Nonostante la sua approssimatività quindi, una stima molto allarmante e condizionabile da una serie di possibili effetti a catena innescabili da evoluzioni sullo scenario artico del tipo utilizzazione dello stesso come rotta merci o ancor peggio come estrazione di idrocarburi, tutte situazione che potrebbero accelerare lo scioglimento dei ghiacci a causa delle emissioni di particolato a livello locale date dal traffico navale e dalla terribile pratica del gas flaring delle piattaforme.

Una pratica quest’ultima che tanti danni a già fatto in paesi come la Nigeria, costituita dalla combustione del gas senza recupero energetico, sul sito di estrazione, attraverso una torcia.
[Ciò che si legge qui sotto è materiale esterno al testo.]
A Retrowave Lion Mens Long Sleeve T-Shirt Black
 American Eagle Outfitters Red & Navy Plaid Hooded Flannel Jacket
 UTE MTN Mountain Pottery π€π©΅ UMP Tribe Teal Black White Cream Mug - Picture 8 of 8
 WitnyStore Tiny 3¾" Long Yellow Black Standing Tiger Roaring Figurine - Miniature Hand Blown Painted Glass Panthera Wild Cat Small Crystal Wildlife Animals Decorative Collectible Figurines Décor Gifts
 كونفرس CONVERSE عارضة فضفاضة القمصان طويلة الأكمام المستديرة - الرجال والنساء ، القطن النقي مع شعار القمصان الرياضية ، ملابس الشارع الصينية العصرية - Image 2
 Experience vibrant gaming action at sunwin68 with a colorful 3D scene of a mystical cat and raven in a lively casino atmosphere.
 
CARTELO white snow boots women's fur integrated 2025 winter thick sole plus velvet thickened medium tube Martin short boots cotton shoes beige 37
Una aberrante pratica che porta a bruciare ingenti quantità di gas, con conseguente produzione di enormi quantità di anidride carbonica, ma anche di inquinanti locali come anidride solforosa e protossido di azoto, grandi killer contribuenti da sempre all’inquinamento atmosferico del pianeta.

Altri indubbiamente i negativi riflessi oltre a quello sulla componente atmosferica, come l’innalzamento del livello del mare, l’ acidificazione degli oceani, l’alterazione del pattern delle precipitazioni, l’intensificazione e l’aumento della frequenza degli eventi meteorologici estremi.

Anche in questo caso, a fare le spese di queste scelte aberranti, ancora una volta i paesi più deboli e più poveri, come ben evidenziato nell’ultimo report della Banca Mondiale di cui ho dato conto alcune settimane fa nel post “Cambiamenti climatici ed urgenza delle azioni: un preoccupante rapporto della Banca Mondiale”.

Non per questo sarebbero comunque risparmiati i paesi principali attori, dal momento che rischierebbero di finire sott’acqua città come New York. Indubbiamente allarmi e occasioni di riflessione che arrivano continuamente e non sembrano fermare le “menti pensanti”, che stanno indubbiamente sottovalutando l’aspetto climatico globale che è e rimane una bomba innescata.